How long? How long will this grief last? You were not my everything, but you took up much of my life. I miss you. It seems like you're just a blurry memory now and that scares me. I get that we're becoming different people, but I miss what we had as friends, where we just connected on things. I miss our long talks, I miss you calling me to complain about things and me giving you a sermon, I miss hearing you cry on my shoulder, I miss going to the park with you, I miss driving you everywhere, I miss your presence in my life. I miss knowing what to pray about for you. I miss being nonchalant about me liking you and in a way, I still miss liking you. I miss having things to tell you. I miss journaling about you and writing you poems. I miss going to shows together and I miss playing them together. I miss telling you your taste in music kind of sucks. I miss representing Christ to you in everything I do. I miss you filling that whole in my heart where an awkward kid needs to be. But I pray the good Lord will replace it and restore it.

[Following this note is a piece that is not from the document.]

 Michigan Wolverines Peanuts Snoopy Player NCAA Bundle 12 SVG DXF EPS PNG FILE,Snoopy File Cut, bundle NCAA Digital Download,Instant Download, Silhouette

I don't know really where you're at or what you're doing and that bothers me, because I used to always know. I miss sending a billion texts of the same thing to your phone and you being surprised. I miss you being the catalyst for a lot of my action. And I miss sticking up for you. I miss looking out for you and always having your back. I miss telling you which direction you should head in next in life.
I miss a lot about us. That was 7 months of a relationship and 2 years of a friendship. We made each other. Who's going to make me now?
Jesus is Author and Creator, but He also sends people like you so I may have joy in my life. Where is the joy now? Oh where, oh where have you gone, true, pure joy?
I just want this sad song to mean something so sweet to somebody other than me.